Wednesday, September 17, 2008

Banks Merging: a Competition Law issue?

Not counting the Federal Reserve's takeover of Freddy, Fanny and AIG (into what is truly a non-profit gigantic enterprise), or the break-up of ABN AMRO, or Barclays' scavenging of Lehman, there are three major bank mergers JPM of BS, BoA of ML, and LTSB of HBOS. But only the latter two may be referred to judicial review under competition law. Should they be?
The major bank mergers we are seeing are defensive in hostile markets. This means that they will inevitably shrink to less than the sum of their current parts, including, I would argue, less too in market share terms! Furthermore, the market shares of the recent past will be a poor guide to the market shares of the near future and, in any case, we have officially no way of knowing banks' respective market shares in most of investment banking e.g. in fixed income, FX or in any OTC trading! The banks themselves don't know the answers with any certainty, and have no idea about market shares right now or in the near future!
Lloyds TSB may believe it is a dream come true to be able to buy HBoS. Some commentators fear the new group's possible 28% of the UK domestic market in mortgages and similar % of retail deposits, but the combined size is likely to be much less than the current sizes of the two banks added together.
Nor is this likely either in the case of the BoA/ML merger, which impressively sums to:
– 20,000 WM financial advisers handling $2.5 trillion of HNW client assets.
– BoA has $589bn AuM
- Merrill has 49% (45% vote) of BlackRock ($1.4tn of AuM)
– BoA + ML combined
= No. 1 underwriter of global high-yield debt,
= No. 3 underwriter of global equity,
= No. 9 adviser on global M&A (based on 2008 first-half data).

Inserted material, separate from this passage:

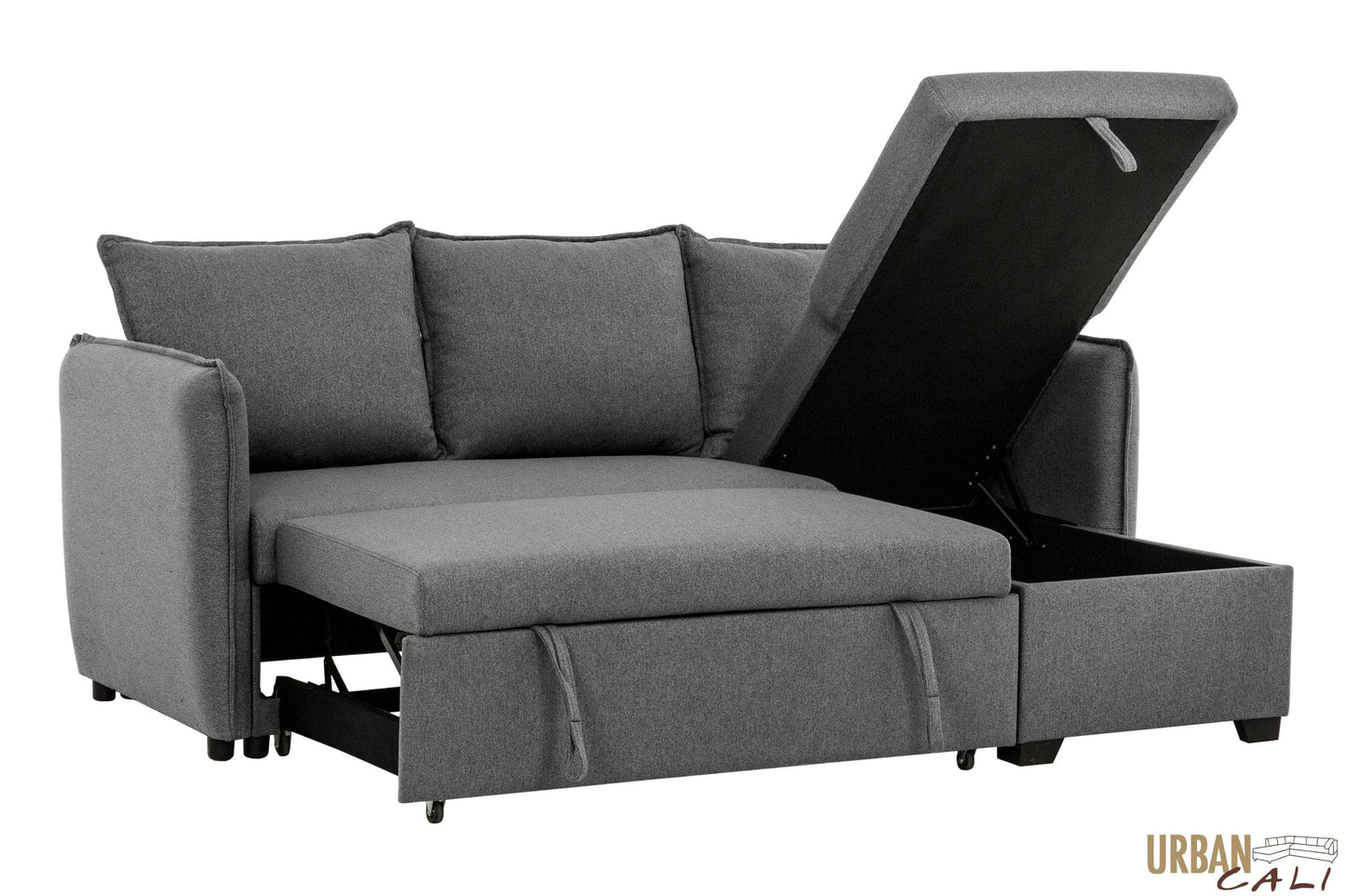 Pending - Urban Cali Laguna Sleeper Sectional Sofa Bed with Reversible Storage Chaise in Nela Ash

– Combined retail & and SME banking = 48% of revenue
- Combined corporate and investment banking = 32% of revenue
- Combined WM = 20% of revenue (based on 2008 first-half data).
The new group looks well balanced. But, I recall when Credit Suisse was the first bank to analyze mergers in terms of capacity loss in the markets (at the time of SBC's purchases of Brinson and Dillon Read). The BoA/ML merger will (by similar reasoning) amount to less than the sum of the two parts i.e. capacity will be lost from the combined group of probably about 20% (my guess). This is a function of the hostile trading and business environment and the usual merging of two cultures issues, plus the inevitable poaching by other banks.
A corrollery is the RBS-led takeover of ABN AMRO and the current Lloyds TSB/HBoS merger where the combined value will also most probably turn out less than the sum of the parts. The value of the combined group starts out less than either of the 2 banks on their own a year ago.
BoA and ML are complementary to each other. Capacity will be lost in wholesale trading markets (ML in London was already clearing out its offices floor by floor days before the BoA merger) and the new group will not pose a competition policy issue.
Similarly, or even more so, LLoyds TSB and HBoS are complementary geographically in retail networks and in wholesale trading. But, even if they were not, capacity is likely to be lost anyway, given the current business environment, and this means the deal need not be anxiously scrutinised under UK and EU Competition Law.